Un’occasione unica quella che il Piano nazionale di ripresa e resilienza offre all’Italia. Sotto tanti punti di vista, in particolare sotto il profilo della rigenerazione urbana, con la possibilità di colmare un gap importante che rende molti immobili non adeguati agli standard internazionali. Con una chiara conseguenza sugli investimenti potenziali. Già oggi gli investitori sono per la maggior parte esteri. Essi si concentrano prevalentemente su immobili di grado A. Ma va detto che gli immobili con oltre 60 anni di vita sono in Italia il 40%, mentre la media europea si ferma al 32%. Non solo: gli asset a potenziale rischio sismico superano il 70%. Nel resto dell’Ue sono il 30%. E ancora, mancano aree verdi, considerato che quelle disponibili per cittadino sono circa il 15% in Italia, quando nel resto dell’Europa la percentuale si attesta tra il 20 e il 30%. E’ quanto è emerso dal X Coima Real Estate Forum.
Se si riuscissero a colmare questi divari, si potrebbero rigenerare almeno 100 milioni di metri quadrati e dare corso a investimenti per 200 miliardi di euro in 10 anni. Inoltre, ne beneficerebbe l’ambiente, con una riduzione del 15% di emissioni di CO2, ma anche l’occupazione, con la creazione di posti di lavoro per 200-300 mila unità l’anno. Senza contare poi l’effetto volano sull’economia e in particolare sul turismo. Per dirla con il ministro della Transizione Ecologica, Roberto Cingolani, “le caratteristiche stesse del patrimonio urbano del nostro Paese rendono sempre più urgente la necessità di ripensare completamente il modo di costruire le nostre città, mettendo al centro del processo non solo la sostenibilità ambientale, ma anche la qualità stessa degli edifici”. E qui entra in gioco il Pnrr che mette sul tavolo capitali per oltre 54 miliardi di euro riferibili a vario titolo alla rigenerazione urbana.
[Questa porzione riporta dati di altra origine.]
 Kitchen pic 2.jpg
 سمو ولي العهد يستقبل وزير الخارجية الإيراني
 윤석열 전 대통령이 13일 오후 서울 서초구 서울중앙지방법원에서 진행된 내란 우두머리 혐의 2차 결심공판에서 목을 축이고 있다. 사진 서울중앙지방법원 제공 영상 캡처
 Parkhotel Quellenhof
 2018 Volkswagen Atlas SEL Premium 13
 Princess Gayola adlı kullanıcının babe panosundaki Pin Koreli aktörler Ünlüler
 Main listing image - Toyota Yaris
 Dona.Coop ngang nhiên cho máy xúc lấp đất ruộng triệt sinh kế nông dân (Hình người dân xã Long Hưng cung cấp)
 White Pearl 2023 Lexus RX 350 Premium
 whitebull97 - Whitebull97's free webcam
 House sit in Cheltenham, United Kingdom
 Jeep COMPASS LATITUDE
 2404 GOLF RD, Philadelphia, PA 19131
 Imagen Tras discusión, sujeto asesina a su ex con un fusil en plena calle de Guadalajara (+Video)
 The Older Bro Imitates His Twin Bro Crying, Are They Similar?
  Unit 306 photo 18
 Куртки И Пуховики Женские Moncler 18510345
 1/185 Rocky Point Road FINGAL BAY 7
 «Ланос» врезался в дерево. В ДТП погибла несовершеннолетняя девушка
Che possono diventare 85 miliardi se si includono gli investimenti in infrastrutture (31,5 miliardi).
“L’Italia ha nella sua storia la vocazione di sviluppare città straordinarie, e oggi, con un approccio sistemico da parte delle principali istituzioni pubbliche e private, è possibile comporre un piano industriale di riqualificazione del territorio che affermi un nuovo modello italiano culturale ed economico di sviluppo e consenta la crescita di aziende nazionali eccellenti che possano servire il Paese e competere a livello internazionale”, sottolinea il fondatore e CEO di Coima Manfredi Catella.
Considerando le due aree di maggiore interesse, Roma e Milano, risulta chiaro che la prima è più ‘indietro’ ma può “può cogliere importanti opportunità per gli anni a venire, con possibili accelerazioni anche grazie a eventi che coinvolgeranno la città, come il Giubileo, la Ryder Cup, l’European Aquatics Championships e la candidatura a Expo 2030”. Milano è ben posizionata, avendo da tempo, dal 2000, avviato un programma di rigenerazione urbana che ha dato vita a una filiera produttiva di professionisti e aziende che hanno maturato 20 anni di esperienza e che possono rappresentare oggi una risorsa importante per il Paese.